[Listed entries]:
- - -
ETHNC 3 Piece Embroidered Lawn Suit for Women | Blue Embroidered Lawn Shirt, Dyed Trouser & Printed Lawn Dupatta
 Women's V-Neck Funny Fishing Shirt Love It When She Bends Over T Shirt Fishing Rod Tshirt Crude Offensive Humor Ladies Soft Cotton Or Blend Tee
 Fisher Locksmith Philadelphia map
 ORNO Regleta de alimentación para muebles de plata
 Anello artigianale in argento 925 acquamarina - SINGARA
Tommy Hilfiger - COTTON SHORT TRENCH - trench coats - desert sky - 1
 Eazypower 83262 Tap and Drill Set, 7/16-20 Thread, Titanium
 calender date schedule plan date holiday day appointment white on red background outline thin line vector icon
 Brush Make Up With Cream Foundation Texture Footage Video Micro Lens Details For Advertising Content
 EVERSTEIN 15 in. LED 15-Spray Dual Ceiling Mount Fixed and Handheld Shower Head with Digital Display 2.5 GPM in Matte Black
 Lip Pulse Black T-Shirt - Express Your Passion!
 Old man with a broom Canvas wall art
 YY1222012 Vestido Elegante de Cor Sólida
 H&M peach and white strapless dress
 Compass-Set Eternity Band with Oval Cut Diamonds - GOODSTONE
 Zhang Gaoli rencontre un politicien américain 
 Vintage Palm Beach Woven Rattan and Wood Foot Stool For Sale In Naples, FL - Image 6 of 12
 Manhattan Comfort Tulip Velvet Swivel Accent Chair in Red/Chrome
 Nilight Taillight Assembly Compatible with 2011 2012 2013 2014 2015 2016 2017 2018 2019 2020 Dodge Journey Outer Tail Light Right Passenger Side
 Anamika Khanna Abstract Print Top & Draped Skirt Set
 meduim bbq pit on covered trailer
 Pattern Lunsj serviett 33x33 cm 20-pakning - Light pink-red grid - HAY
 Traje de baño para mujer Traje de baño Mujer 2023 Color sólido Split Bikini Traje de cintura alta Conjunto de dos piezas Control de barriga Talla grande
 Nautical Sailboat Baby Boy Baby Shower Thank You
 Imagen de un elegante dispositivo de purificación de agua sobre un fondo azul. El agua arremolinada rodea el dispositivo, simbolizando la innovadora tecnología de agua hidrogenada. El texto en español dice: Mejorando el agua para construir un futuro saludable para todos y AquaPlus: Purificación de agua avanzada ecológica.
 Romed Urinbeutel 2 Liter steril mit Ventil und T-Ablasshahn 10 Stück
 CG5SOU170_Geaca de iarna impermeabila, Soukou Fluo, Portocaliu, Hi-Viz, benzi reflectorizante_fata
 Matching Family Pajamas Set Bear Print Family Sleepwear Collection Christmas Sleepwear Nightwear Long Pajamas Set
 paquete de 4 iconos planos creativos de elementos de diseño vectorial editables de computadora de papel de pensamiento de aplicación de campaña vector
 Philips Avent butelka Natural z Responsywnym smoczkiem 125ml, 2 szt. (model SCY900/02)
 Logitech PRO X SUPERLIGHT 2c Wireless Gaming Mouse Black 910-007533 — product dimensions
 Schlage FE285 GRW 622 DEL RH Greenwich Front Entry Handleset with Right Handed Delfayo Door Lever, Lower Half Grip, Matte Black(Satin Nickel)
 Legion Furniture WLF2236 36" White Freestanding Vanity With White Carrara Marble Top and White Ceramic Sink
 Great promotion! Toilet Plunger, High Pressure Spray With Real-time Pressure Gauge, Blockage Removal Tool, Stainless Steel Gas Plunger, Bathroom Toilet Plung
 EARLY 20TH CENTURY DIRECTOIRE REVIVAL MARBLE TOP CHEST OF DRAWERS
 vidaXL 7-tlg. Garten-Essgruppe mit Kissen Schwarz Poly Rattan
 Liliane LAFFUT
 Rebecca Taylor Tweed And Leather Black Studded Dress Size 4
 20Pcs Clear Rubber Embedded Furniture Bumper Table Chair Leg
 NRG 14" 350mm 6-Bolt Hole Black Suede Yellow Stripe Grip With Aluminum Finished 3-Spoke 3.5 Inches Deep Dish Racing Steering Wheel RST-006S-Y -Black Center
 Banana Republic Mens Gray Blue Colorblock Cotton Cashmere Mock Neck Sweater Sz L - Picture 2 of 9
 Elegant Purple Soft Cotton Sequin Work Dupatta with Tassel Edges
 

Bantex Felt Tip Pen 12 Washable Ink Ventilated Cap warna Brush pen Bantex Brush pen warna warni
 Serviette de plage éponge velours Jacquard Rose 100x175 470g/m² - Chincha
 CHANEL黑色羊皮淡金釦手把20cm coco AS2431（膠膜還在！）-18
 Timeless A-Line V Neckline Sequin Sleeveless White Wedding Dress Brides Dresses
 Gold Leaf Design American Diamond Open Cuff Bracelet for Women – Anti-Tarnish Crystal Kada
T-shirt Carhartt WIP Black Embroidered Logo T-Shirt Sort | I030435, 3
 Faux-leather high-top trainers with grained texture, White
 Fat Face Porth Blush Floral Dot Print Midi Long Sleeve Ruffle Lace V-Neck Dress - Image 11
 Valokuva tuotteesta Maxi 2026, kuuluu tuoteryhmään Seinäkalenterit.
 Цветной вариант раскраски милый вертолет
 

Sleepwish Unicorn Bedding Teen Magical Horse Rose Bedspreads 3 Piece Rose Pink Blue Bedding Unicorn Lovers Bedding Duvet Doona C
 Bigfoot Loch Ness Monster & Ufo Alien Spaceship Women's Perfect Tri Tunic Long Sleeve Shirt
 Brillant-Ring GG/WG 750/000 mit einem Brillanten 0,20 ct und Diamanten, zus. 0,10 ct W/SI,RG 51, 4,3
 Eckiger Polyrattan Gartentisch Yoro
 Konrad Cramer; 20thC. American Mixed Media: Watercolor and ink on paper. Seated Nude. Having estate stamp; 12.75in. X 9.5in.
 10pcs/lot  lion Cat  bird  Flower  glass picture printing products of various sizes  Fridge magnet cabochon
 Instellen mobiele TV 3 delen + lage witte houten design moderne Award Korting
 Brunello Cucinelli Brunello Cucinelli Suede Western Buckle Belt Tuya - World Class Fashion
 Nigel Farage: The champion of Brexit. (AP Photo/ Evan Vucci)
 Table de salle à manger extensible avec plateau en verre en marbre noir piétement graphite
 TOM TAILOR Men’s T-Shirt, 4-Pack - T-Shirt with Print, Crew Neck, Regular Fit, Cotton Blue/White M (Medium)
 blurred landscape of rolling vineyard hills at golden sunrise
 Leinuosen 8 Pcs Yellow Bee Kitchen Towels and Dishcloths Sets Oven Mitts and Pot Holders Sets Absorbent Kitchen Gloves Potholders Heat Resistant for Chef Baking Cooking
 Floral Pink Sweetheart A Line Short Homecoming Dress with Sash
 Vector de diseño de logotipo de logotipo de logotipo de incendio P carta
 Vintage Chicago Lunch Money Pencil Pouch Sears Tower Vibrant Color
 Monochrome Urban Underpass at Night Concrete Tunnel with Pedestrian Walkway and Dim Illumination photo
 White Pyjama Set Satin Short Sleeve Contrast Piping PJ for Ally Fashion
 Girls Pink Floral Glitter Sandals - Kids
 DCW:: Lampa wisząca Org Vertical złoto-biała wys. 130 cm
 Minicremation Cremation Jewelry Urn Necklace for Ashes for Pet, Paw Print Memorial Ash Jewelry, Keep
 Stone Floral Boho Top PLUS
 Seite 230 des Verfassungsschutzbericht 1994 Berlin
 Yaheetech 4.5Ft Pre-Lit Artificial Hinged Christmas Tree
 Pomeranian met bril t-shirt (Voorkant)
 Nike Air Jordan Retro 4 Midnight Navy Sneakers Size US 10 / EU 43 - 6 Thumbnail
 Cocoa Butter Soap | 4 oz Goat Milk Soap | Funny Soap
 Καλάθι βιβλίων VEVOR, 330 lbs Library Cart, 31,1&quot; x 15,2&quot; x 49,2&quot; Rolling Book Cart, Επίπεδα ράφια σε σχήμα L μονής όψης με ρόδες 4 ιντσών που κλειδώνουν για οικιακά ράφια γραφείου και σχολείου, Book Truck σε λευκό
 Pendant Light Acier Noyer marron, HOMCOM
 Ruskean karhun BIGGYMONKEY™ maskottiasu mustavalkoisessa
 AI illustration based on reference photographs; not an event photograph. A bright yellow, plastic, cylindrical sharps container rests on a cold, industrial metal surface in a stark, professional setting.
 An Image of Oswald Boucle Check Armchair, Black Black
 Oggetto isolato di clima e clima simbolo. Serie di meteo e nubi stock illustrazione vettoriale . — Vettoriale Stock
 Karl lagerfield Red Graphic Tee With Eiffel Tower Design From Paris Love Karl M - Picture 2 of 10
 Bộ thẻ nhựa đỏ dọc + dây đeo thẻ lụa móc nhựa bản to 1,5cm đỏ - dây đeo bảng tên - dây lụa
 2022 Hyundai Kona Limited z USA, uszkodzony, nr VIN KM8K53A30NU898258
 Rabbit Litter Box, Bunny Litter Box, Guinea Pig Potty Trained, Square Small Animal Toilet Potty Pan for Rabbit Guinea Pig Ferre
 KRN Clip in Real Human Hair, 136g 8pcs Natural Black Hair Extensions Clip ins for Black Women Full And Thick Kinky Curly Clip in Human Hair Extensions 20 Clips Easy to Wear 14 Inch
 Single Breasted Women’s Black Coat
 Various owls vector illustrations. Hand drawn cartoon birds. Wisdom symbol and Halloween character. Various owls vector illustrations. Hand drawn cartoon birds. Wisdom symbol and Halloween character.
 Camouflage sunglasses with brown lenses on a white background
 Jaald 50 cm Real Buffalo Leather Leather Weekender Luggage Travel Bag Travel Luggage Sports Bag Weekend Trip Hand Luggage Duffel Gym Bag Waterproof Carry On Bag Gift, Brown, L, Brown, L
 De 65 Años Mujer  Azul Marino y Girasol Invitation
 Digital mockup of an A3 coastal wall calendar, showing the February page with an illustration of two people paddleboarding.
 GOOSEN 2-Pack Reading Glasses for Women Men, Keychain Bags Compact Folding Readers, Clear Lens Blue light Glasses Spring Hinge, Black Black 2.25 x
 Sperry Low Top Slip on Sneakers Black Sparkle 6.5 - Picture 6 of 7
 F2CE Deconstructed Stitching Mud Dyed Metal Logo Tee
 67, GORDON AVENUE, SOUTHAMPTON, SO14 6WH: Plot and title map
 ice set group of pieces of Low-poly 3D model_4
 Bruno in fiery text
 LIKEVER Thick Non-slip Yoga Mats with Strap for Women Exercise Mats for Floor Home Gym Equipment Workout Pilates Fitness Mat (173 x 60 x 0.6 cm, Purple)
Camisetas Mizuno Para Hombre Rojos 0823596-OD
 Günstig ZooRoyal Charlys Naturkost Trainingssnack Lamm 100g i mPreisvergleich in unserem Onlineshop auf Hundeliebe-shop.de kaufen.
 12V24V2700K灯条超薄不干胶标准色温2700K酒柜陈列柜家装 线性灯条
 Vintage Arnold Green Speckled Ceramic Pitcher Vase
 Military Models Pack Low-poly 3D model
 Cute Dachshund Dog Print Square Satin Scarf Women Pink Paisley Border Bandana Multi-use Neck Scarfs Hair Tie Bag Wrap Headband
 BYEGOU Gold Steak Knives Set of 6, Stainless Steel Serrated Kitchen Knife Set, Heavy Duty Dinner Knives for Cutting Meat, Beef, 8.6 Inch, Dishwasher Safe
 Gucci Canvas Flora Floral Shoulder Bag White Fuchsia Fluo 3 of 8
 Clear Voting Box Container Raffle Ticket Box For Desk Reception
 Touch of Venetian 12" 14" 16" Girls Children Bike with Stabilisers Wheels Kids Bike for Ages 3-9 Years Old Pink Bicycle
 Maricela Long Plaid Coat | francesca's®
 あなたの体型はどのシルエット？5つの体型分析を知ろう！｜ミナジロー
- - -
[How to complete this task]: Scan the listing and copy every line where the string "Kids" shows up.

[Answer section]:
 Girls Pink Floral Glitter Sandals - Kids
 Touch of Venetian 12" 14" 16" Girls Children Bike with Stabilisers Wheels Kids Bike for Ages 3-9 Years Old Pink Bicycle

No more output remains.